“As I was out there, running in the neighborhood, I was kind of seeing my surroundings in a new way,” she explained. “I would think a lot, and I found that I was doing a lot of creative problem-solving while I was out running.” As early as her first month, she found that the exercise helped her work out solutions to issues she was facing in her picture books, such as a layout or colors that weren’t quite right.
Richmond is now taking a break from running, but her latest pieces document her experience of the New York City Marathon. “I didn’t want to do just one piece, because New York City is not just one thing,” she reflected. “We ran through five boroughs, [and] there’s so many different neighborhoods and textures that cultures and environments on the route, I almost felt like I wouldn’t be doing it justice to just do one piece.” Somewhere around mile 17, on First Avenue, she decided she’d divide her finish time in five and do one piece per borough.

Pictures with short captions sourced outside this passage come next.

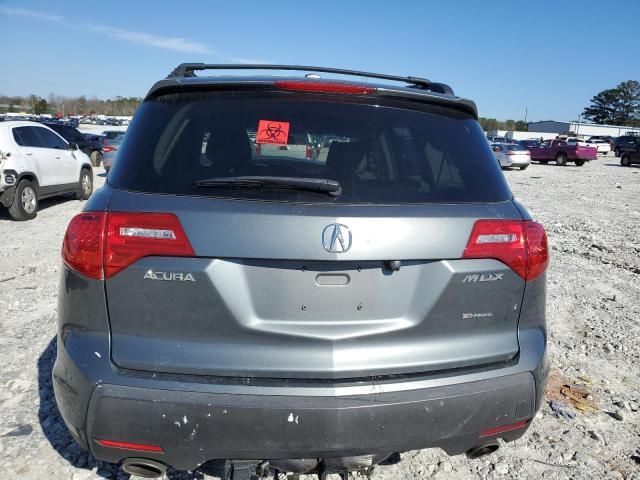 2008 Acura MDX Technology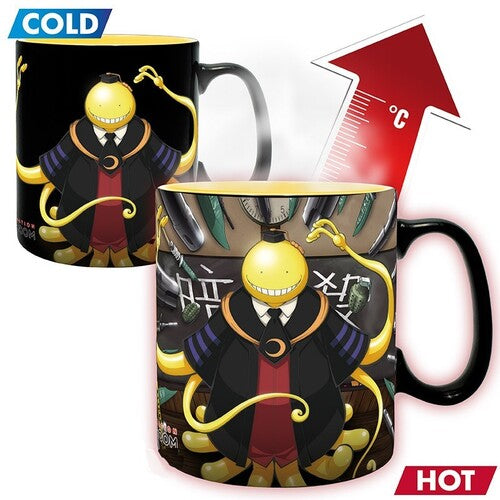 Assassination Classroom - 15oz Koro Ht Change Mug - Assassination Classroom - 15oz Koro Ht Change Mug - Collectibles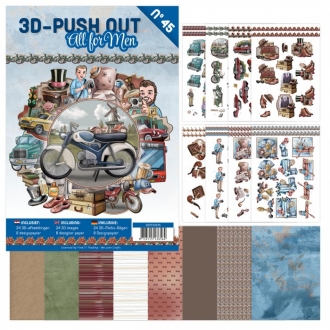 3D Push-Out Book 45 - All...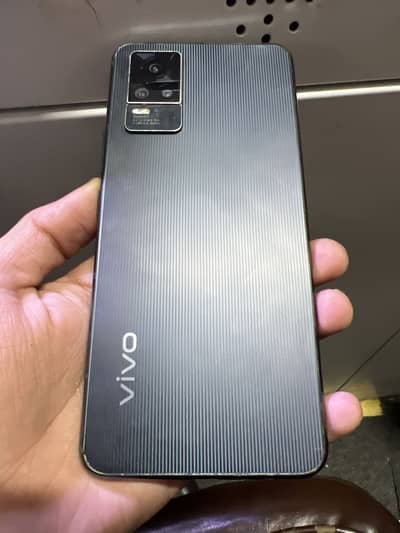 Vivo v21e black colour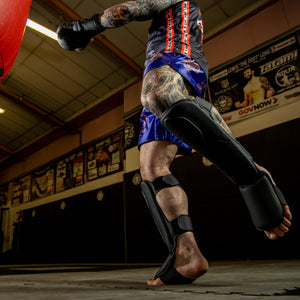 Tatami Fightwear MMA TATAMI Obsidian Shin Pads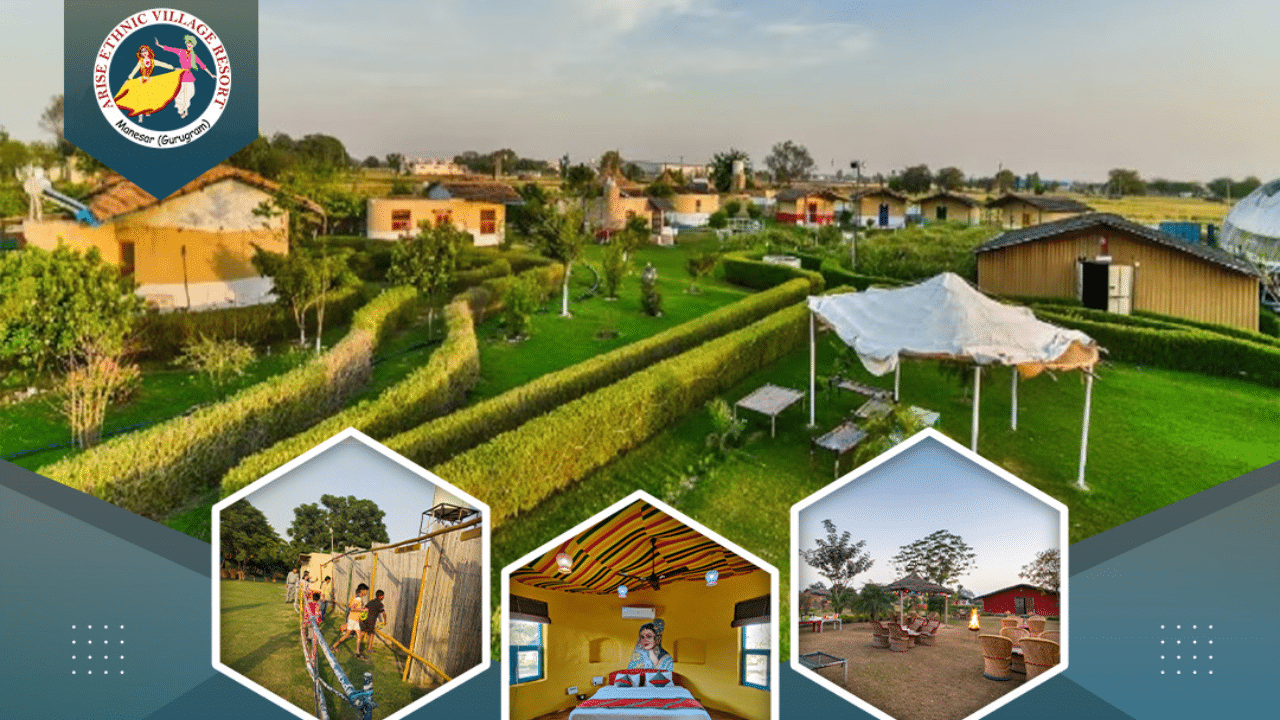 Best Resorts in Manesar | Arise Ethnic Village Resort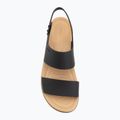 Moteriškos basutės  Crocs Brooklyn Matte Wrap Low Wedge black/cashew 5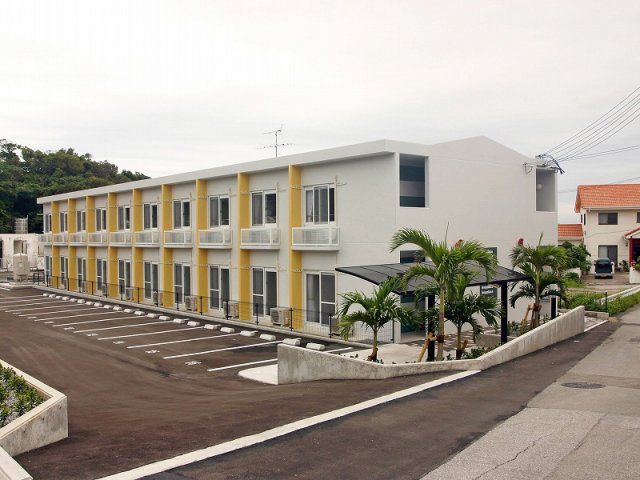 レオパレスTomoの外観画像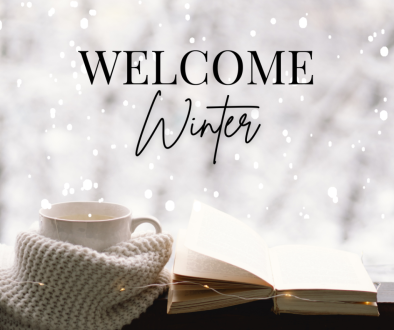 Beige Minimal Welcome Winter Instagram Post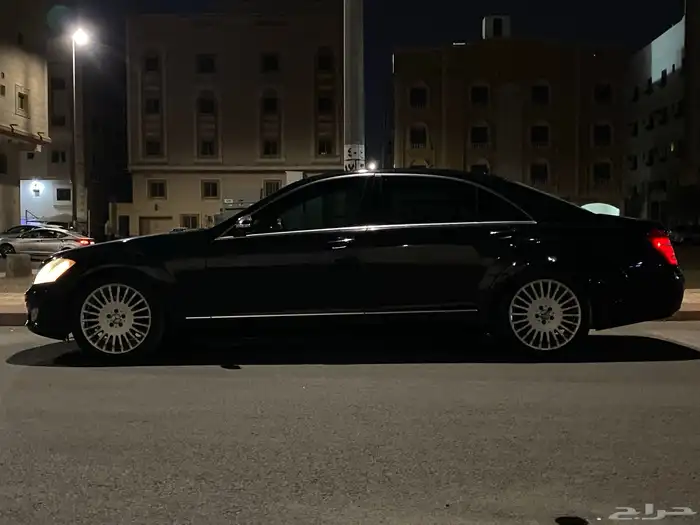 Mercedes S class 2007 5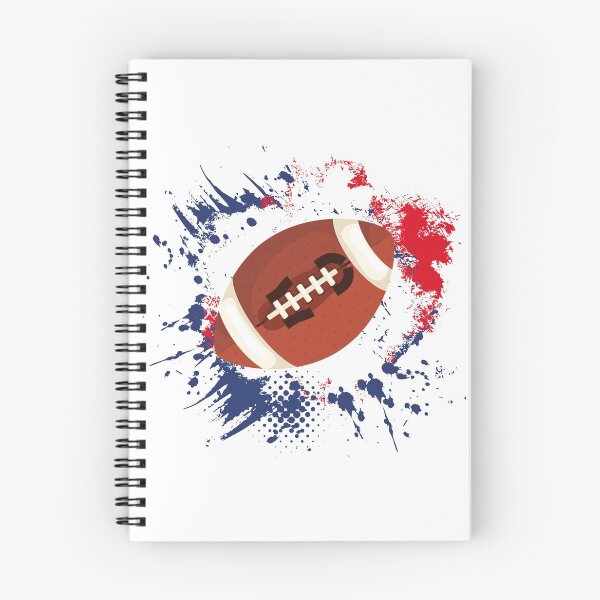 Item preview, Spat American Football designed and sold by patsyrosedesign.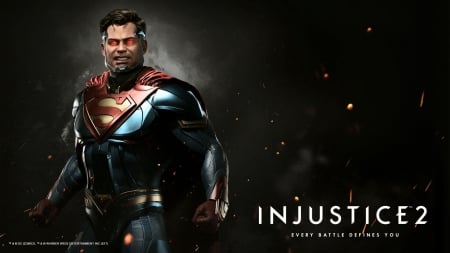 Injustice 2 Superman - anime, Comics, Video Games, Figurines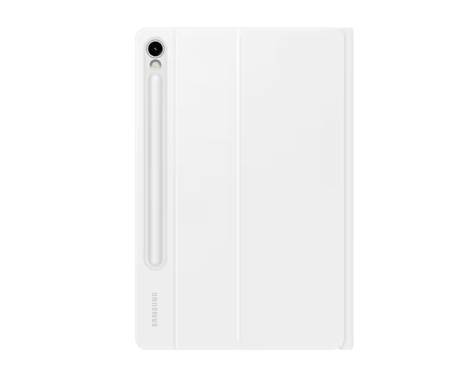 Samsung Tab S9/S9 FE Book Cover Keyboard White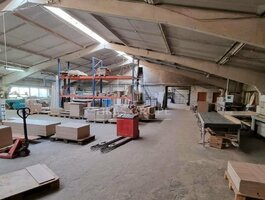 Gamybos ir sandėliavimo Patalpų nuoma Klaipėdos rajono sav., Trušeliuose, Agilos g.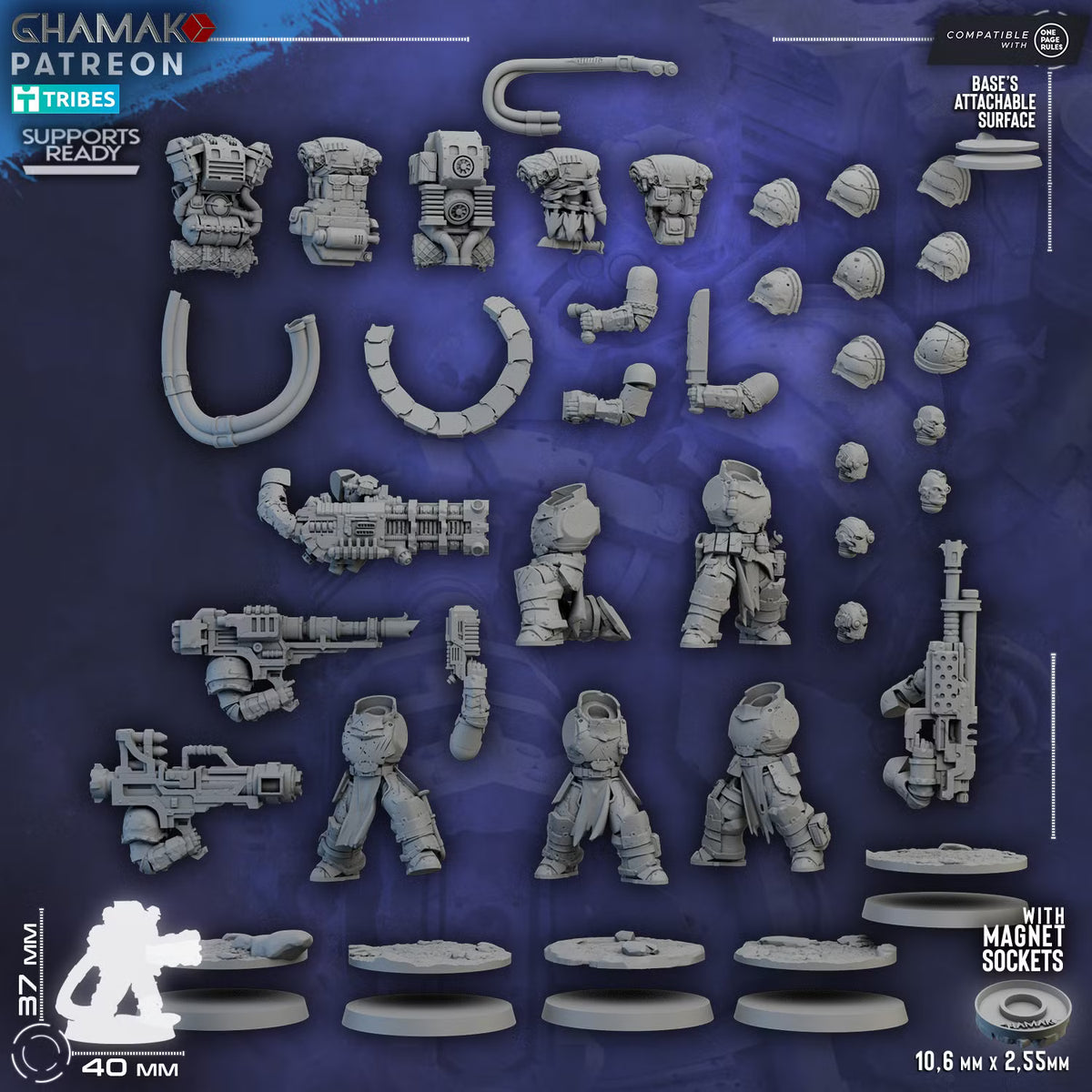 Lost Militum Heavy Weapons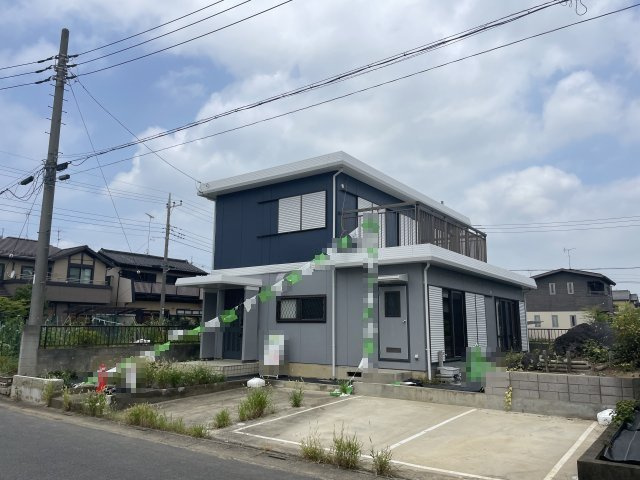 【外観】 | 久喜市菖蒲町菖蒲　中古戸建　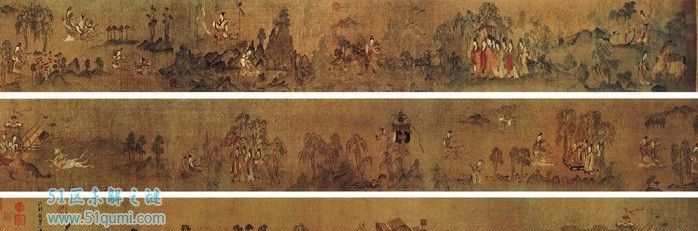 清点中国十大传世名绘 你都了解有哪几幅绘?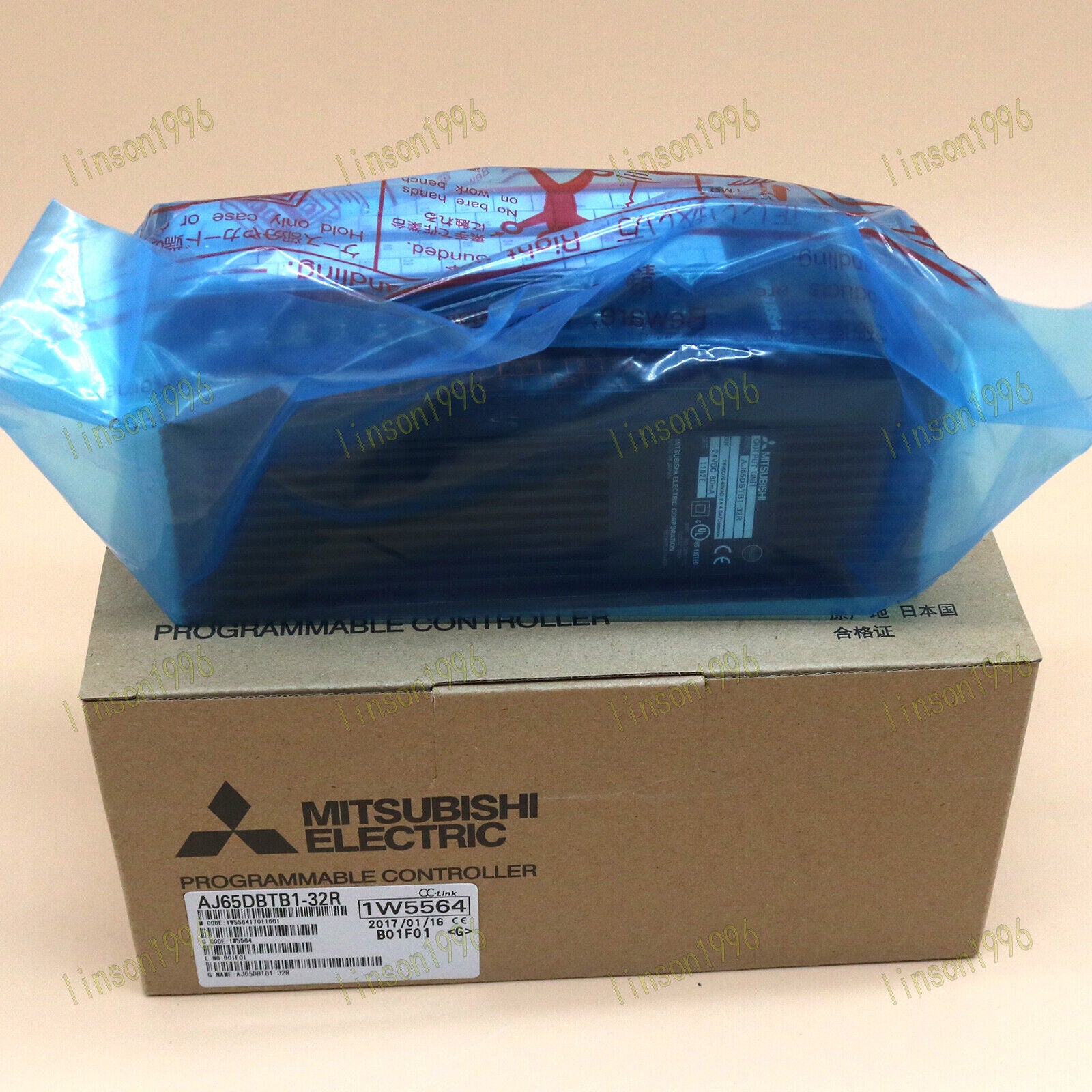 MITSUBISHI Melsec Link AJ65DBTB1-32R Terminal Block - MITSUBISHI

Richmond recalls the day fondly, asserting that she’ll do it again next year, and that she can’t imagine running a marathon anywhere else. The finished pieces show detailed views of the Verrazano, Pulaski, Queensboro, and Willis Avenue bridges, as well as First Avenue and 75th Street in Manhattan. “I always say I hope my love for New York, how I feel just such gratitude for being here, shines through in the pieces that I create,” she reflected.